[Items listed in a dataset]
'''

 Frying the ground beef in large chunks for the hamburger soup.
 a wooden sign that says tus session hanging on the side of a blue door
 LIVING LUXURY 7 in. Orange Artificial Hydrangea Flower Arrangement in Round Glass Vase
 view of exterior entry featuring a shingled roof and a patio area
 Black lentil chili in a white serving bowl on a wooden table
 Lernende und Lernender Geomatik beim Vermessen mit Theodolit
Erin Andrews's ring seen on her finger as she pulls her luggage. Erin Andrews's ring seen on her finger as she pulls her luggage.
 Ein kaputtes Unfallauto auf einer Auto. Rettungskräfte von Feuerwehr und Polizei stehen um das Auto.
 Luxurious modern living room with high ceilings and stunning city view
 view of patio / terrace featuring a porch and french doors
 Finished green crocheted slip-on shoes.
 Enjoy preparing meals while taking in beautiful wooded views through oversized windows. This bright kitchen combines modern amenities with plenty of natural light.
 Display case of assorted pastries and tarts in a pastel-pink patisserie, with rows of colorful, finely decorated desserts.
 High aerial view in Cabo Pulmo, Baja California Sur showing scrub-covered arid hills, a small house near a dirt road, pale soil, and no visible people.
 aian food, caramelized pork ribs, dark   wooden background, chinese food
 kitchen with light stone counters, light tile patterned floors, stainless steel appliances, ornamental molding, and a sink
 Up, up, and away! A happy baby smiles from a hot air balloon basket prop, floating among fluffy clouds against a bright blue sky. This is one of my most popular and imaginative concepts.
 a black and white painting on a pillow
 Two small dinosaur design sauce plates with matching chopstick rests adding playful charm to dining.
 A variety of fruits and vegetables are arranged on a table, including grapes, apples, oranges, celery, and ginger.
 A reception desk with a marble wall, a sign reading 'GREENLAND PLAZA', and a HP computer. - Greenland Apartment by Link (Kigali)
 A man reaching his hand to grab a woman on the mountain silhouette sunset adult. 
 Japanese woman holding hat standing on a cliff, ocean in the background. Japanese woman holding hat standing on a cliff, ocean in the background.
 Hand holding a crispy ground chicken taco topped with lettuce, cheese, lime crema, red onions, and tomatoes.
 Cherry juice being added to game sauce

'''

- Your goal:
For this exercise, all the data must be repeated exactly.

- Task answer:
 Frying the ground beef in large chunks for the hamburger soup.
 a wooden sign that says tus session hanging on the side of a blue door
 LIVING LUXURY 7 in. Orange Artificial Hydrangea Flower Arrangement in Round Glass Vase
 view of exterior entry featuring a shingled roof and a patio area
 Black lentil chili in a white serving bowl on a wooden table
 Lernende und Lernender Geomatik beim Vermessen mit Theodolit
Erin Andrews's ring seen on her finger as she pulls her luggage. Erin Andrews's ring seen on her finger as she pulls her luggage.
 Ein kaputtes Unfallauto auf einer Auto. Rettungskräfte von Feuerwehr und Polizei stehen um das Auto.
 Luxurious modern living room with high ceilings and stunning city view
 view of patio / terrace featuring a porch and french doors
 Finished green crocheted slip-on shoes.
 Enjoy preparing meals while taking in beautiful wooded views through oversized windows. This bright kitchen combines modern amenities with plenty of natural light.
 Display case of assorted pastries and tarts in a pastel-pink patisserie, with rows of colorful, finely decorated desserts.
 High aerial view in Cabo Pulmo, Baja California Sur showing scrub-covered arid hills, a small house near a dirt road, pale soil, and no visible people.
 aian food, caramelized pork ribs, dark   wooden background, chinese food
 kitchen with light stone counters, light tile patterned floors, stainless steel appliances, ornamental molding, and a sink
 Up, up, and away! A happy baby smiles from a hot air balloon basket prop, floating among fluffy clouds against a bright blue sky. This is one of my most popular and imaginative concepts.
 a black and white painting on a pillow
 Two small dinosaur design sauce plates with matching chopstick rests adding playful charm to dining.
 A variety of fruits and vegetables are arranged on a table, including grapes, apples, oranges, celery, and ginger.
 A reception desk with a marble wall, a sign reading 'GREENLAND PLAZA', and a HP computer. - Greenland Apartment by Link (Kigali)
 A man reaching his hand to grab a woman on the mountain silhouette sunset adult. 
 Japanese woman holding hat standing on a cliff, ocean in the background. Japanese woman holding hat standing on a cliff, ocean in the background.
 Hand holding a crispy ground chicken taco topped with lettuce, cheese, lime crema, red onions, and tomatoes.
 Cherry juice being added to game sauce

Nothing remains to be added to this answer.